The king sent men to ask the prophetess Huldah about what he’d heard in the Bible (IIKi.22:12-14). She told the king that God was about to send even more punishment (v.15,16), because they were worshipping other gods (v.17).
Christians today do too! Many of our Pentecostal brethren worship tongues, many of our Baptist brethren worship baptism, and 7th Day Adventists worship the sabbath. But the worst idolatry is found among grace believers, many of whom worship the grace message. If you don’t agree with
them on every detail of the grace message, they judge you.
For example, church anniversaries are observances of a church’s birthday, and every time birthdays are mentioned in the Bible, someone dies (Gen.40:20-22; Mt.14:6,10). So some grace believers don’t observe birthdays. Paul is on neither side in this issue (Rom.14:5).
Paul also doesn’t care if you eat meat or herbs (14:1,2). God told Adam to eat herbs (Gen.1:29), but later told Noah he could eat meat (9:3), so we know we can eat “all things” too (Rom.14:2). But Paul adds not to “judge” or “despise” brethren who feel differently about this (14:3).
When grace believers do judge or despise one another over these issues, they are judging “another man’s servant” (14:4), for our brethren in Christ are all His servants. He will judge us at the Judgment Seat of Christ (14:10). If we judge one another in the meantime, we are virtually pushing Him off His judge’s bench and saying, “I got this. I can do a better job of judging my brethren than You can.” You wouldn’t do that at the Judgment Seat of Christ, so don’t do it now!
God is able to make that brother “stand” in that day (14:4). Grace believers often think—and sometimes say to other Christians—“Just wait until we stand before the Lord. He’ll straighten you out, and then you’ll believe as I do!” But Paul says “he shall be holden up” by God in that day, not you.

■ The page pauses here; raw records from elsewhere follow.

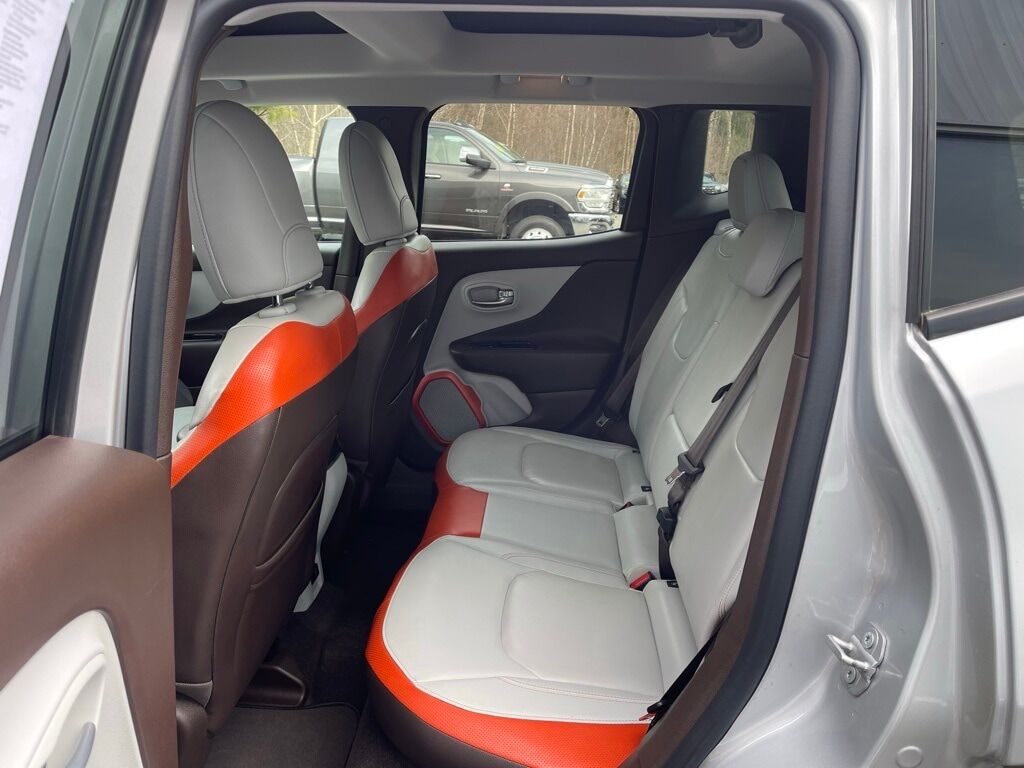 2015 Jeep Renegade Limited Orange MA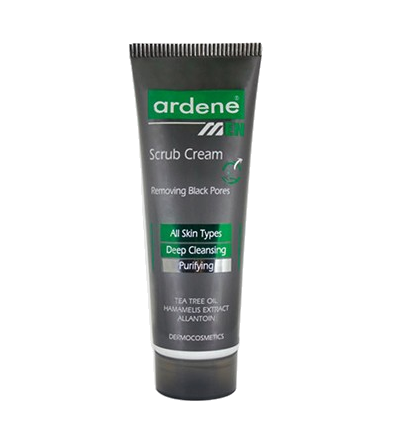 مای دارو - كرم پاک كننده و ساينده پوست آقايان آردن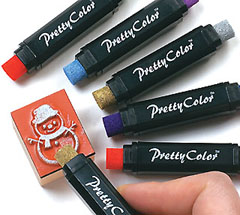 yellowmoon 2-Colour Ink Pens (set of 6)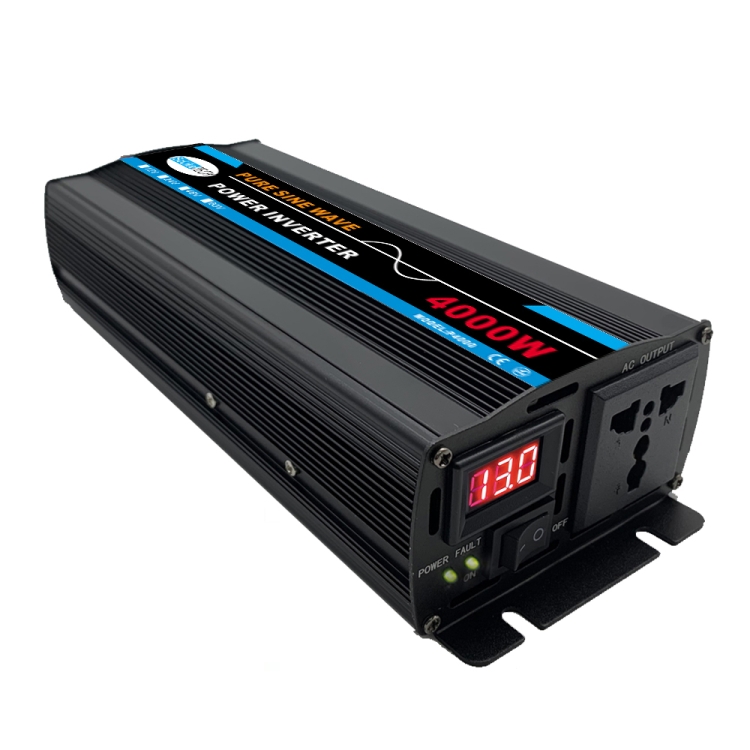 4000W Actual 800W 24V to 220V High Power Car Sine Wave Inverter Power Converter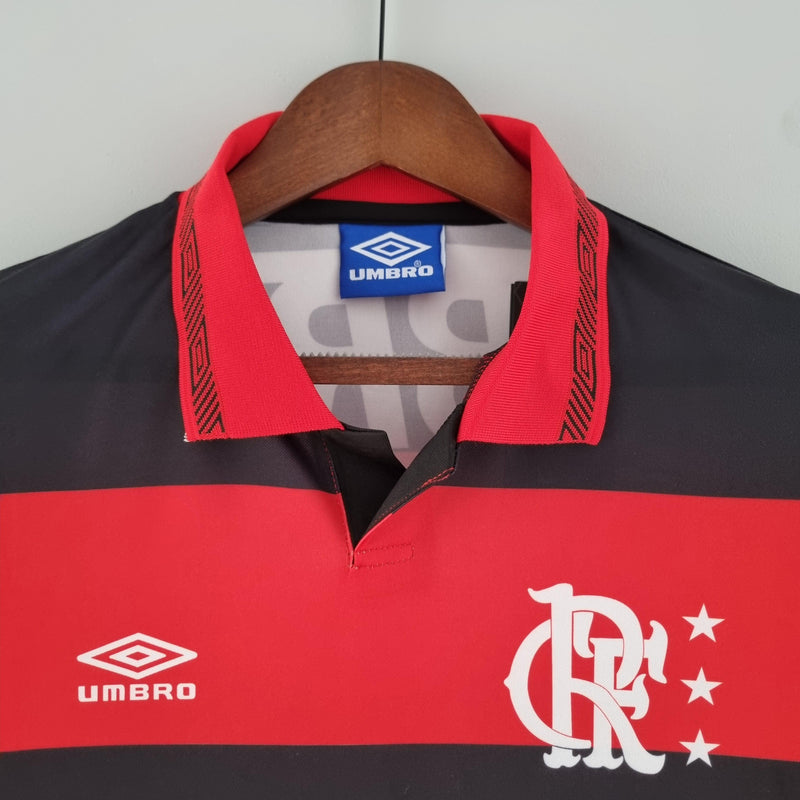 Camisa Retrô CR Flamengo l 1992/93 - Modelo Torcedor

That’s because no matter what your position is when it comes to issues like this, God is on the side of grace—and we should be too! We’re all smiles when we read Romans 1-13 where we learn how gracious God has been to us. Our smiles sometimes fade though when we read Chapter 14, where God says to be as gracious to others as He’s been to us! But if you miss that point, you miss the point of the Book of Romans, for you miss the culmination of Romans in Chapter 14. And you missed the point of the grace message.